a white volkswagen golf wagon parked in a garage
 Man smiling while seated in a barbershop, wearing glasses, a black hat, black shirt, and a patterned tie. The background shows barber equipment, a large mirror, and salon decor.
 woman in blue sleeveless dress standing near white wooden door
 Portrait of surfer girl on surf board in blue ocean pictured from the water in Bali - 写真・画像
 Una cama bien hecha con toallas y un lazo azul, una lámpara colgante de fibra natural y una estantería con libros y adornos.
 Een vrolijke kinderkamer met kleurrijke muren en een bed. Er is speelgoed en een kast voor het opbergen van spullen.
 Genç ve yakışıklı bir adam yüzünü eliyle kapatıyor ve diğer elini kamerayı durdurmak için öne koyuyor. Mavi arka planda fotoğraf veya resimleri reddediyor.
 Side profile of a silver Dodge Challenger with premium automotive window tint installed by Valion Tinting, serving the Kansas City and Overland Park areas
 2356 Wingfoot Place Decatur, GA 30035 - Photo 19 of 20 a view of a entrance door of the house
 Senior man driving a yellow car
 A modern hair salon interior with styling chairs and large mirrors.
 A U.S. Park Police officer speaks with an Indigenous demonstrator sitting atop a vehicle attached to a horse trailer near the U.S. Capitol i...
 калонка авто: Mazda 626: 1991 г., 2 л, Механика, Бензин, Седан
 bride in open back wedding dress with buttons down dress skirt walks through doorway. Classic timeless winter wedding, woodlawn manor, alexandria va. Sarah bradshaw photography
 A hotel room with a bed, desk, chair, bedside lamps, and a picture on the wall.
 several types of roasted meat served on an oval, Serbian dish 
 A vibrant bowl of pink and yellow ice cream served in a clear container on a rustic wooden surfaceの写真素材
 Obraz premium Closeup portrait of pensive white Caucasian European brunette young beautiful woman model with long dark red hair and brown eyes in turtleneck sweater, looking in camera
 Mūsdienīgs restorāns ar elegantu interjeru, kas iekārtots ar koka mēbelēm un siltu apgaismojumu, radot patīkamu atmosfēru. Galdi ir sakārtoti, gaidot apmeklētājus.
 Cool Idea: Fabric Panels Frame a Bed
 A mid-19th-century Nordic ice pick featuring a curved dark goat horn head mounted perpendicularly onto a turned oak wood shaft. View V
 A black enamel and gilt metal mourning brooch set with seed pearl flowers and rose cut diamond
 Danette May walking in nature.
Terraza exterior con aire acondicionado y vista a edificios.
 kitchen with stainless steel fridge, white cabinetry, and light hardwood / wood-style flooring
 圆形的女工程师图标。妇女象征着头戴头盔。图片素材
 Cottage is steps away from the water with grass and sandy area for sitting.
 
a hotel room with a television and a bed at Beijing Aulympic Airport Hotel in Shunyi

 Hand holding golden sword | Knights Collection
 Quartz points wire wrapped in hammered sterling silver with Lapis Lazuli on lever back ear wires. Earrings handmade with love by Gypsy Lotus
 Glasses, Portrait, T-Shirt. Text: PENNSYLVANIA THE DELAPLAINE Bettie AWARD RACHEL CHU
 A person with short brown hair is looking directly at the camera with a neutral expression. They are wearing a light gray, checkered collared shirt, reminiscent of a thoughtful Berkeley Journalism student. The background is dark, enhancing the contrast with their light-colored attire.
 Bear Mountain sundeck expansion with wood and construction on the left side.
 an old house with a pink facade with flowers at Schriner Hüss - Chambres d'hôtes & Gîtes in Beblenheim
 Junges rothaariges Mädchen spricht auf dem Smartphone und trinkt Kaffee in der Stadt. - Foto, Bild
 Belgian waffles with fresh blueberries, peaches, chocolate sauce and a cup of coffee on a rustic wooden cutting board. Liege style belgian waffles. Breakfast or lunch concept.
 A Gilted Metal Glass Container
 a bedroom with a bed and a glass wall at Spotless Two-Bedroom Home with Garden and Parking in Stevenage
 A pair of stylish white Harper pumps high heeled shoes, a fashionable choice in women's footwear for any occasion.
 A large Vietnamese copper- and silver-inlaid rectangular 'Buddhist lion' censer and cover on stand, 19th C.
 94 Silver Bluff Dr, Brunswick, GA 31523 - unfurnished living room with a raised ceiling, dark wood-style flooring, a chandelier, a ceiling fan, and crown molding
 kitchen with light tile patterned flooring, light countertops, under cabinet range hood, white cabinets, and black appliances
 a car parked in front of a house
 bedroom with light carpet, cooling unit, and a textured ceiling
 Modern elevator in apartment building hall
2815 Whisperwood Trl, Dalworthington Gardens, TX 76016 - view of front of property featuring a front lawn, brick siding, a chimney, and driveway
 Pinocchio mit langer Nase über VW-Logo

:::

**The task:** In the listing above, find the line with "Portrait of surfer" and the line with "Side profile of", then print exactly those lines and every line between them.

**Completed task:**
 Portrait of surfer girl on surf board in blue ocean pictured from the water in Bali - 写真・画像
 Una cama bien hecha con toallas y un lazo azul, una lámpara colgante de fibra natural y una estantería con libros y adornos.
 Een vrolijke kinderkamer met kleurrijke muren en een bed. Er is speelgoed en een kast voor het opbergen van spullen.
 Genç ve yakışıklı bir adam yüzünü eliyle kapatıyor ve diğer elini kamerayı durdurmak için öne koyuyor. Mavi arka planda fotoğraf veya resimleri reddediyor.
 Side profile of a silver Dodge Challenger with premium automotive window tint installed by Valion Tinting, serving the Kansas City and Overland Park areas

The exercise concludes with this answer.